Lucy Williams' Comprehensive Exam: Flow Decomposition Algorithms for Multiassembly Problems
- Wednesday, October 6, 2021 from 10:00am to 11:00am
Current genetic sequencing technologies allow for fast and cheap measurement of short substrings of genetic sequence called reads, which must be assembled to recover the full unknown sequence. In some cases, such as when assembling RNA transcripts or the genomes of a mixture of species taken in a single sample, the reads come from multiple sequences. In this case, we would like to recover all of the distinct unknown sequences and their relative abundances, and we call this multiassembly. A common model underlying many multiassembly approaches is flow decomposition, which decomposes a flow network into a set of paths and weights that parsimoniously explains the flow. In previous work, we formalized two new variations on flow decomposition to better model the information available in multiassembly tasks. The first, inexact flow decomposition, allows for some uncertainty in the flow measurements. The second, flow decomposition with subpath constraints, incorporates additional information that may be provided by longer reads. We give heuristic and FPT algorithms to solve these problems, and demonstrate their usefulness for RNA assembly on a simulated RNA-Seq dataset.
We propose to extend our existing work in two ways.
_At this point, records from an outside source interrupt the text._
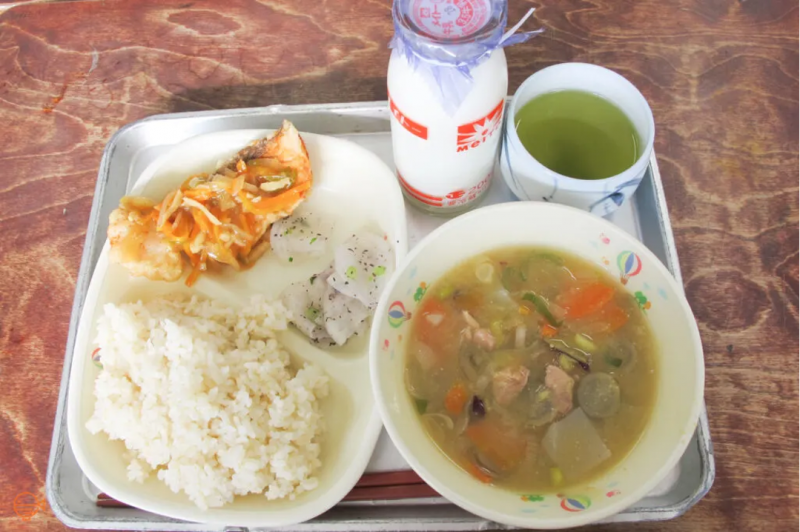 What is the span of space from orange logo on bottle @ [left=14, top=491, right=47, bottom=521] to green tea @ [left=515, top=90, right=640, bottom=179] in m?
1.44

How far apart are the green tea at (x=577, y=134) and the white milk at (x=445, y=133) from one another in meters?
0.14

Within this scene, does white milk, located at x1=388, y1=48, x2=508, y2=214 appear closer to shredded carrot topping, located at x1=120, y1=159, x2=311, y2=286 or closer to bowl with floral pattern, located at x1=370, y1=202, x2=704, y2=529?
bowl with floral pattern, located at x1=370, y1=202, x2=704, y2=529

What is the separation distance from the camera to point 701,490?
1.23 metres

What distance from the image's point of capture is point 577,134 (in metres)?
1.46

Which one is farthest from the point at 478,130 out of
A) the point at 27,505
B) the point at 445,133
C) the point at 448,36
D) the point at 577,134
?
the point at 27,505

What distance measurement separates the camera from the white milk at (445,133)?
1.14 meters

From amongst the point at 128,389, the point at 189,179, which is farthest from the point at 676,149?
the point at 128,389

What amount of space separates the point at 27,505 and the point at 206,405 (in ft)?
1.79

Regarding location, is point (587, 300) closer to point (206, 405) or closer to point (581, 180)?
point (581, 180)

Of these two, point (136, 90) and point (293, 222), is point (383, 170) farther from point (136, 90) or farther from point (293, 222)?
point (136, 90)

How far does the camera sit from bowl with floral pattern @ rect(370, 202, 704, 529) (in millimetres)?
971

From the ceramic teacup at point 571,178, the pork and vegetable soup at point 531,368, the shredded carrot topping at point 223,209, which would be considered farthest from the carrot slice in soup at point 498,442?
the shredded carrot topping at point 223,209

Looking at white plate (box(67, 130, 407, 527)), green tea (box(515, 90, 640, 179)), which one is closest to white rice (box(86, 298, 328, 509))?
white plate (box(67, 130, 407, 527))

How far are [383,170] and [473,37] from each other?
51cm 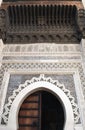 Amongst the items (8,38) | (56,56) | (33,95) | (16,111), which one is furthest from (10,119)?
(8,38)

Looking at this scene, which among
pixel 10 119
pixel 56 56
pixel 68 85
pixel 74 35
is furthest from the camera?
pixel 74 35

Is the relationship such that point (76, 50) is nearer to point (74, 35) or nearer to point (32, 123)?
point (74, 35)

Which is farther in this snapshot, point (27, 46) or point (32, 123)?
point (27, 46)

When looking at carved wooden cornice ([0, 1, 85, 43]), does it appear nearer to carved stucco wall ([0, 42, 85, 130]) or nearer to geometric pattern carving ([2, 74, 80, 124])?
carved stucco wall ([0, 42, 85, 130])

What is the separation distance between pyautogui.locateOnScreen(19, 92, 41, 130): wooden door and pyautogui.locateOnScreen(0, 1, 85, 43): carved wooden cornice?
3.53 feet

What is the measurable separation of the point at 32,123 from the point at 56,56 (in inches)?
45.3

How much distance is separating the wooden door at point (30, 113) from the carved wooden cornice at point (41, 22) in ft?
3.53

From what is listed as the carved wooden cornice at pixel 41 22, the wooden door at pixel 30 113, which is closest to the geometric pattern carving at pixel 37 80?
the wooden door at pixel 30 113

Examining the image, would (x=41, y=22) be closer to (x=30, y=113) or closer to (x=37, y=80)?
(x=37, y=80)

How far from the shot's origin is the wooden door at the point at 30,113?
2.76 m

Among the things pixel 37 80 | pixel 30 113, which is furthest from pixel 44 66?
pixel 30 113

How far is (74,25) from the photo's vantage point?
3.69 meters

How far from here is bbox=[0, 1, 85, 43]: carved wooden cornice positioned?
140 inches

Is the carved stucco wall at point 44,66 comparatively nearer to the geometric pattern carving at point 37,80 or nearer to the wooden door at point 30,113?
the geometric pattern carving at point 37,80
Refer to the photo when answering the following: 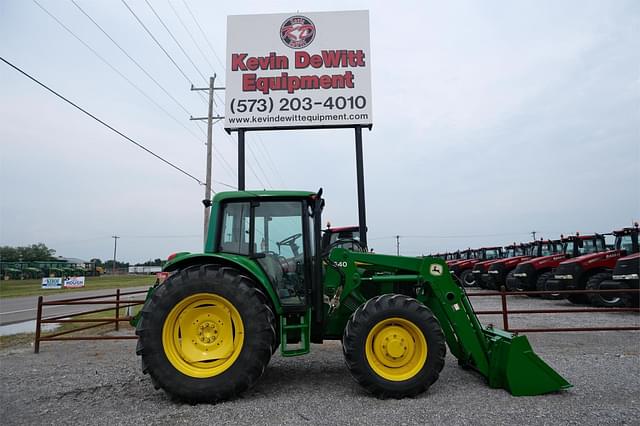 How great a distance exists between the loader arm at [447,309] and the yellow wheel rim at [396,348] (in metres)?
0.58

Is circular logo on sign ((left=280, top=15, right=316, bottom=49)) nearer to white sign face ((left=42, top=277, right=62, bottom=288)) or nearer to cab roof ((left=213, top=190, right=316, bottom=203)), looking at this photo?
cab roof ((left=213, top=190, right=316, bottom=203))

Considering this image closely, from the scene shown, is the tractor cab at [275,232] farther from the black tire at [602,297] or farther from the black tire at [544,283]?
the black tire at [544,283]

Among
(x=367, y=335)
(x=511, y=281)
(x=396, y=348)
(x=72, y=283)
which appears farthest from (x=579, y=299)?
(x=72, y=283)

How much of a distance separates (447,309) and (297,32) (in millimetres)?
7278

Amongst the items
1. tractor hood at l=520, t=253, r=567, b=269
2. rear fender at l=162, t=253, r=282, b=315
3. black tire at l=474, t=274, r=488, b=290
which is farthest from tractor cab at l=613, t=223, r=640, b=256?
rear fender at l=162, t=253, r=282, b=315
First, we will apply the flow decomposition with subpath constraints model to real data from RNA transcript assembly and mixed-genome assembly experiments, which will require us to compute flows and subpath constraints from real data and allow us to validate the model on more realistic inputs. This process may also yield new, biologically-inspired variants on the problem. Second, we will use a currently-being-developed integer linear program (ILP) for flow decomposition to further validate the method on larger instances. The ILP appears to be much faster than our existing exact solvers. We will also give extended formulations of the ILP that solve additional problem variants.